Fishery disasters and brave, brave decisions….

“Disaster Declared: Alaska’s Yukon River Chinook Salmon Run Fails

That’s the headline from a few weeks ago: Jan. 18, 2010 out of Washington, D.C.

U.S. Commerce Secretary Gary Locke made the announcement:

“Communities in Alaska along the Yukon River depend heavily on Chinook salmon for commercial fishing, jobs and food,” said Locke on Friday. “I have determined that a fishery disaster has occurred due to consecutive years of low Chinook salmon returns. Alaska fishermen and their families are struggling with a substantial loss in income and revenues.”

The Yukon River once hosted the largest migrating Chinook, chum, and coho Pacific salmon stocks in the world.

Two days ago a headline from the Vancouver Sun reads: “Alaska imposes restrictions on Yukon River chinook” .

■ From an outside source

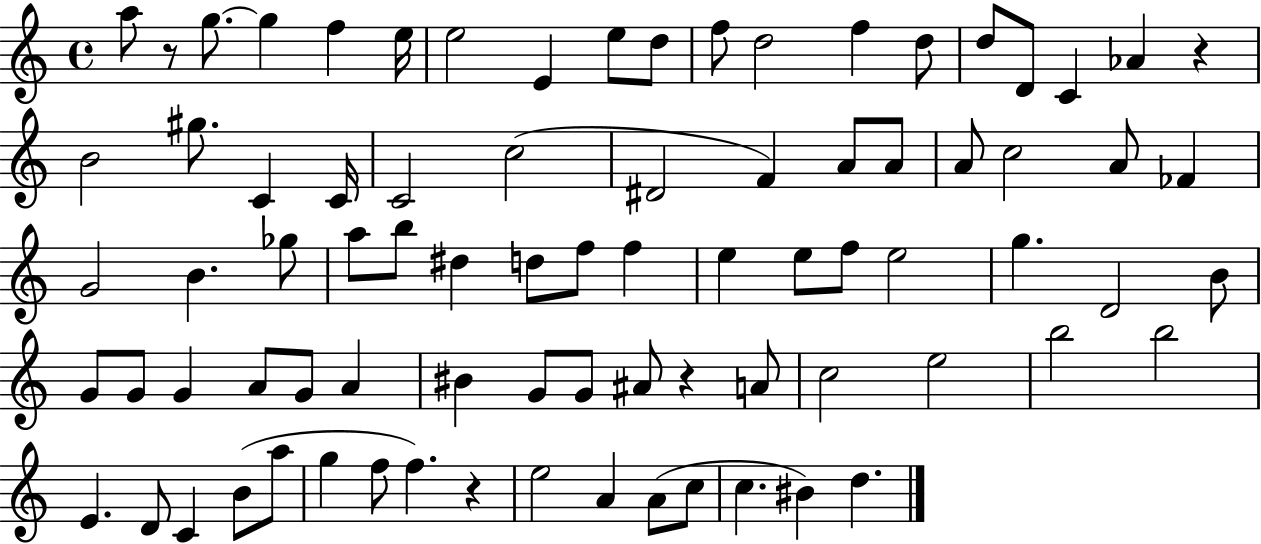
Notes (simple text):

As a follow-up to the “fishery disaster” announcement:

Alaska has imposed controversial restrictions on gillnets [one inch smaller net size] to give the biggest salmon a better chance to reach their traditional spawning grounds on the Canadian side of the river.

Maybe I’m just extra cynical today – but holy cow (or holy net) in this case. The bravery involved in this decision is remarkable!

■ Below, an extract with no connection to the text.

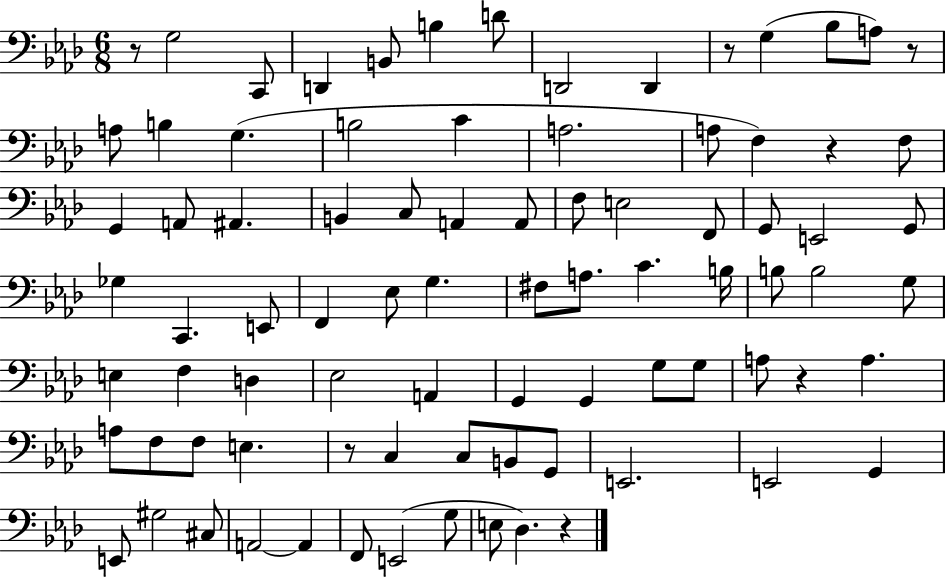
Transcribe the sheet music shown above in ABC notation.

Reduce nets by one inch in size so bigger fish can get through. Wow, this will “save the salmon”.

I wonder if policy and decision-makers recognize that the biggest fish of zero fish – is still zero?

The decision, which has sparked complaints from some Alaskans for whom the annual chinook catch is an economic staple, follows years of concern in both countries that the resource was being fished out of existence in the U.S. before the species could replenish itself in Canadian waters east of the Alaska-Yukon border.

So how bad is it?

Well there was no commercial fishery for Chinook¬† in 2009 on the Yukon. In 2008 the fishery was 89% lower than the five year average. Plus subsistence harvests were also limited. Yes, that’s subsistence as in the word defined as: “A means of subsisting, especially means barely sufficient to maintain life.”

US Geological Survey

Salmon are vital to people living on the over 3200 km long Yukon River. There are over ninety First Nation and Inuit communities on the Yukon River, and numerous settler communities and families that also rely on the yearly return of salmon. And, yet, there are not a lot of salmon migrating up the Yukon as compared to more southerly salmon rivers.

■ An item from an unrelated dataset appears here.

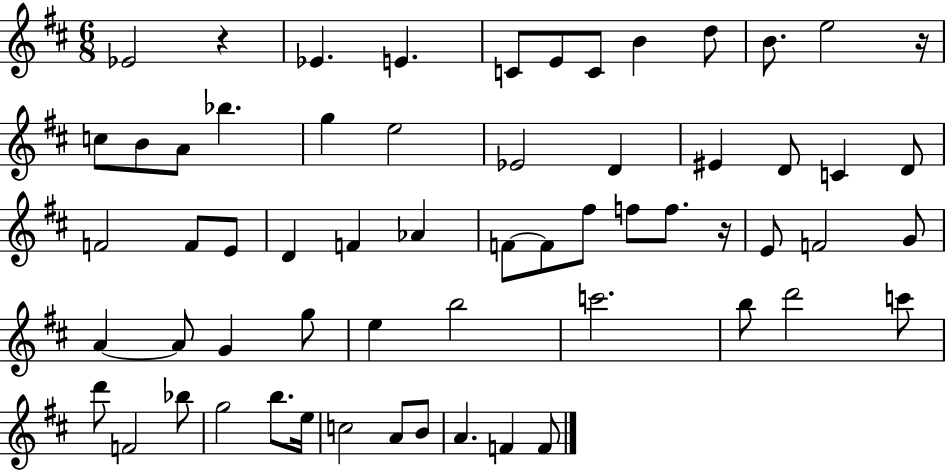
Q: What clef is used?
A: treble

It is also complicated on the Yukon River as the river crosses international boundaries. In my work for a Yukon First Nation in the early 2000s I learned a lot about the complexities of looking after salmon throughout the watershed. Estimates suggest close to 80% of the salmon on the Yukon, spawn in Canada, yet for decades through the 1960s through 90s a huge proportion of salmon runs were caught in the U.S. in Alaska or in Bering Sea fisheries.

In 2001, while working in the Yukon between Leg 1 and Leg 2 of¬† The Wild Salmon Cycle, I wrote an article for the Yukon News “Starving Streams are part of a Vicious Cycle“. In my research for that article I looked at salmon catch data for the Yukon River:

The total Alaskan and Canadian catch of Yukon River Chinook, chum and coho salmon from 1973 to 1997 (when conservation and salmon declines became a major issue) was 1,559,342 salmon per year. That includes a high of 2,514,977 salmon in 1988.

In 2000 the total catch of salmon was 183,000 salmon, and yet only 12,000 Chinook salmon made it to the spawning grounds.

Gee, only 12,000 Chinook to the spawning grounds in 2000 – could there possibly be a link to the low numbers eight and nine years later – and hence a “fishery disaster” ?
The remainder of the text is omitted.